Alın elinize fırçayı boyayın boyadığınız kadar!
Bakıyorum da, sadece "direniş ruhu"yla olmuyor! Biraz sanat da gerekiyor tabii; incelik, samimiyet gerekiyor!
Kim bilir, "eylem"in şehir dokusuna uygun düştüğü yerlerde insanlar belki ortaya çıkan görüntünün arkasındaki siyasal hinlikleri umursamazlar da, renklerin tadını çıkartırlar.
Fakat ne olur, herkesi kör, âlemi sersem sanmayı bırakın artık!
"Merdivenleri niye boyuyorsunuz, bize sordunuz mu?" diye size çıkışanlara hemen "ruhu gri insanlar" yaftasını yapıştırmayı; "kasvetli bir hayata karşı rengârenk bir geleceğin temsilcileri"ymiş havasını takınmayı bırakın.
Hiç inandırıcı olamıyorsunuz!
***
Halkın dünyası gri falan değil! Sizsiniz gri olan.

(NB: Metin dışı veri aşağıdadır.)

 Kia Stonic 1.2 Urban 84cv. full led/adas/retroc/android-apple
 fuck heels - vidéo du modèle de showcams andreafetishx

Halk gri olduğunda, sizinki simsiyah!
Şunun şurasında kırk kişiyiz, birbirimizi biliriz.
Azıcık efkârlanınca "
hayatının gerçekte ne kadar renksiz, etrafındaki her şeyin ne kadar yapay" olduğundan şikâyet edip sızlanan kim?
Bağcılar'dakiler mi?
Hayır! Sizsiniz o!
O halde söyleyin...
Siz mi öğreteceksiniz gökkuşağındaki renkleri?
Gelin,
etrafa renk satma siyasetinden vazgeçin!
Tamam!
Akışkan modernizm, tüketim canavarını besleyip duran
kapitalizm, gitgide yayılan
bağnazlık, güvensiz toplum...
Hepsi canımızı sıkıyor, içimizi karartıyor. Tamam!
Fakat istediğimiz şey
renk ise sokaktan gelmez. Önce içerden bir "
canlanma" gerekiyor.
Gerçekten özgürlükçü bir ruh yani...
İyi de,
ilkokul ezberinden bozma politik sloganlarla mümkün mü bu!
Ne gezer!
***
Merdivenleri boyayınca ortalığın şenleneceğini düşünen orta yaşlı bir aydın olmak...
Bu da bize özgü bir şey işte!
Hundertwasser gibi tek bir mimar çıkaramamış bir entelijansiya, şimdi sokaktaki insanı
önlerine gelen merdiveni rengârenk boyarlarsa memlekete özgürlüğün geleceğine inandırmaya çalışıyor.
Çok acıklı, çok!
Kala kala ana akım medyanın meşhur "
pop sosyolog"una kaldıkları ve o da bu tayfayı sürekli gaza getirdiği için
Cihangir'in, Nişantaşı'nın, Bağdat'ın kendilerine söyledikleri yalanlar boylarını aştı!
Yahu, arkadaşlar bir sorun kendinize...
Hayatınıza renk gelsin diye ara sıra kaçtığınız
Paris'te Monmartre'daki gri merdivenleri pek renksiz bulduğunuzu bir Fransız'a söyleyebilir misiniz?